Rainbow Salad and succession planting.

I don’t fault anyone who is scared of or scarred from eating beets as a child. I don’t recall ever being forced to eat one, but I must’ve bravely tried one because I’ll never forget the dirty taste. And soft! Who would eat a soft, pickled vegetable?! (Not talking about you, cucumbers, you crisp little loves!)

This year I sowed half a packet of beets next to the rutabagas. I only eat them one way—raw, shredded, and mixed with the lovely sweet, crunchy flavors of green apple and carrot. Today I dressed it with lime juice and a few petals of calendula. Rainbow salad! My kids haven’t fallen in love with beets, but we are eating them and having lots of fun doing it.

Our other garden recipe du jour is of the Hidden Valley variety. I told the kids about this restaurant that got famous for its salad dressing and they didn’t believe me. Who knows, maybe I just made it up. We chopped up parsley, dill, basil, and onion tops into some sour cream and added garlic powder, salt and pepper. I’m wishing I’d planted thyme and rosemary—I guess I still can!
These little recipes with beets and sour cream-topped fried potatoes go perfectly with the book Joe and I are reading right now about the royal Romanovs. All we are missing is tea and black bread and the exile to Siberia.

I wasn’t a big reader of gardening books till we moved back from Colorado, probably because my growing season their was very microclimate-limited and touchy. There wasn’t time for books—we hit the finally-thawed ground running. It was an experiment in will it grow? Here I think more along the lines of, how many times can I plant and harvest? Really, I take out a seed packet every time I weed or discard old, buggy broccoli plants and the like. I’ve stopped trying to record my sowing and harvesting days. Every time there is a new space, I put a seed in it. After I’ve gotten a few summer squash off a plant, I start a new plant alongside it to sprout so I can remove the old one before the bugs show up.

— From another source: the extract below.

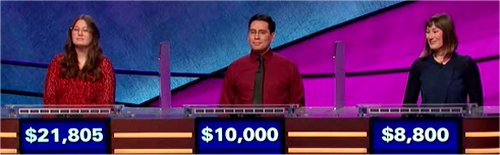 Final Jeopardy (2/25/2020) MacKenzie Jones, Christopher Cartagena, Sandha Khin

New bush beans to take the place of the old ones.

Coincidentally, I’ve come across this idea of succession planting and the “bounty gardener”—stretching seasons to grow and produce a maximum harvest. Why, growing up, did everyone plant their garden and let it go all to heck mid-July? (Certainly because it’s a way to celebrate the end of winter and the miracle of summer.)
Why is everyone trying to get rid of cucumbers and zucchini and tomatoes by the barrel full? (See answer to former question.)
But it does make sense to plant a little now, a little later. Who knew it was worth writing books about. It’s one of those sneaking suspicions you have but can’t articulate, then someone smarter than you does what you couldn’t.